→ TASK BRIEF
Each entry below should be written out exactly as it is, with no pictures.

→ ENTRIES SHOWN
===
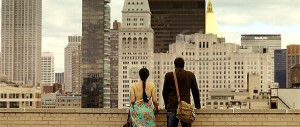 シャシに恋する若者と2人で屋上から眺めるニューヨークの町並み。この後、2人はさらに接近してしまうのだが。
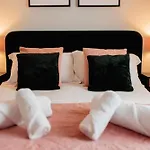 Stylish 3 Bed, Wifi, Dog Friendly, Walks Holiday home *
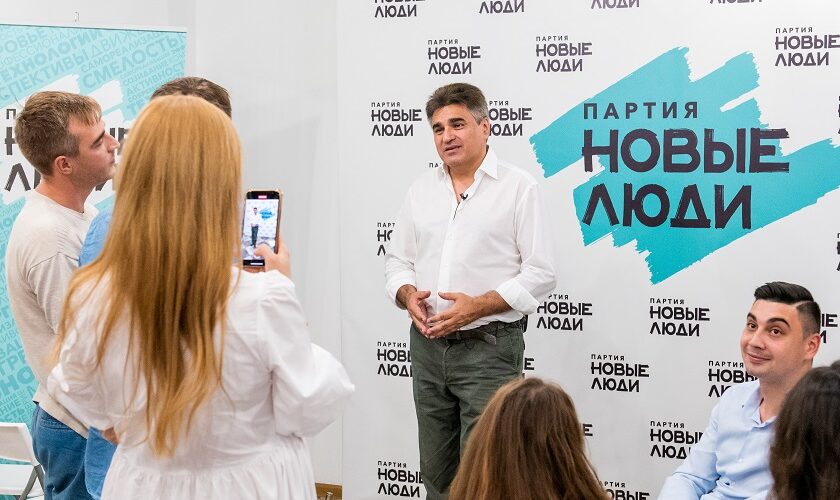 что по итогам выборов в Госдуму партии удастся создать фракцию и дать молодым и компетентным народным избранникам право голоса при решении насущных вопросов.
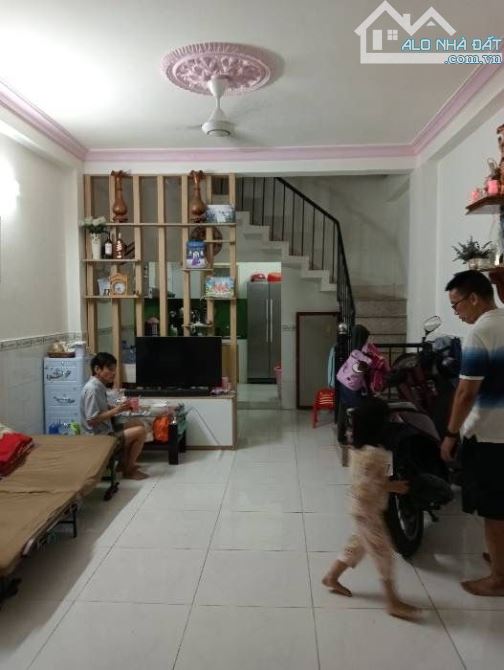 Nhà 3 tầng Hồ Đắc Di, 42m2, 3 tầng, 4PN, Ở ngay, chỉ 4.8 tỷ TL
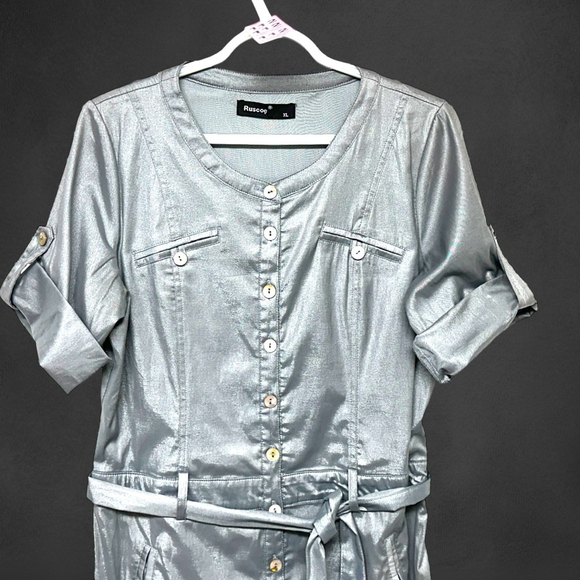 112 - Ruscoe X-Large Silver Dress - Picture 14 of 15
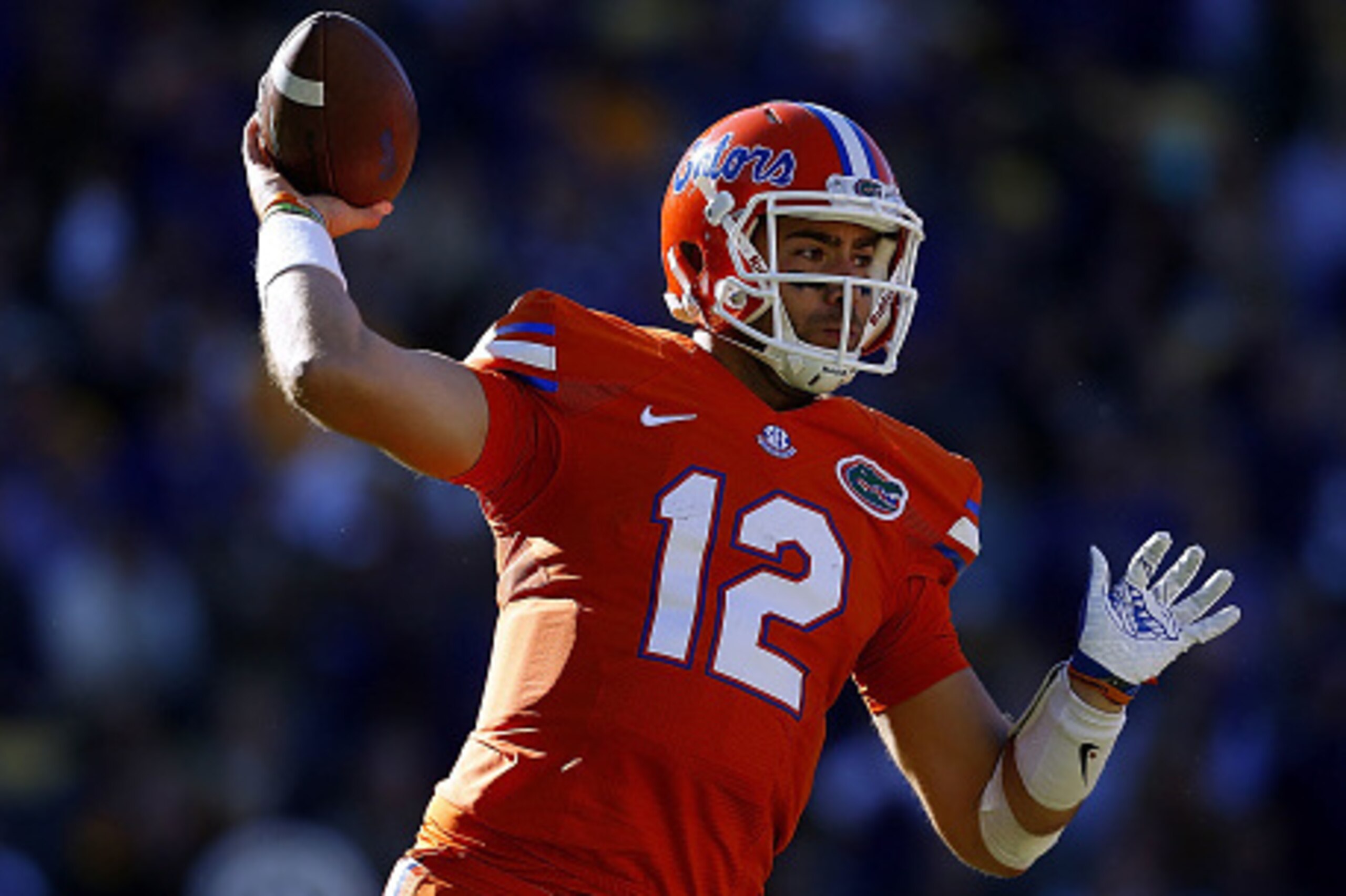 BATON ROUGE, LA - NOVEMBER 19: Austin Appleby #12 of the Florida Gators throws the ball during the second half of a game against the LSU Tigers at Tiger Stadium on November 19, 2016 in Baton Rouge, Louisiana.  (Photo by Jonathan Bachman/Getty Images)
===
→ EXPECTED OUTPUT
 シャシに恋する若者と2人で屋上から眺めるニューヨークの町並み。この後、2人はさらに接近してしまうのだが。
 Stylish 3 Bed, Wifi, Dog Friendly, Walks Holiday home *
 что по итогам выборов в Госдуму партии удастся создать фракцию и дать молодым и компетентным народным избранникам право голоса при решении насущных вопросов.
 Nhà 3 tầng Hồ Đắc Di, 42m2, 3 tầng, 4PN, Ở ngay, chỉ 4.8 tỷ TL
 112 - Ruscoe X-Large Silver Dress - Picture 14 of 15
 BATON ROUGE, LA - NOVEMBER 19: Austin Appleby #12 of the Florida Gators throws the ball during the second half of a game against the LSU Tigers at Tiger Stadium on November 19, 2016 in Baton Rouge, Louisiana.  (Photo by Jonathan Bachman/Getty Images)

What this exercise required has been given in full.